**Task to carry out**
Lines before the one with "Orange fudjt Circle" are left out; return that line and all that follow it, exactly, through the end of the data.

── Data block ──

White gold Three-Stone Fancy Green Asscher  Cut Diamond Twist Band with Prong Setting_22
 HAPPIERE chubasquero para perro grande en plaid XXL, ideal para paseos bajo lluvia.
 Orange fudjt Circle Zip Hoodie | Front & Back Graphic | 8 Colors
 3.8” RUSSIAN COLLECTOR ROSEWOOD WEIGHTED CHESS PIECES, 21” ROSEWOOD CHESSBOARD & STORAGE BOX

───

**Result of this task**
 Orange fudjt Circle Zip Hoodie | Front & Back Graphic | 8 Colors
 3.8” RUSSIAN COLLECTOR ROSEWOOD WEIGHTED CHESS PIECES, 21” ROSEWOOD CHESSBOARD & STORAGE BOX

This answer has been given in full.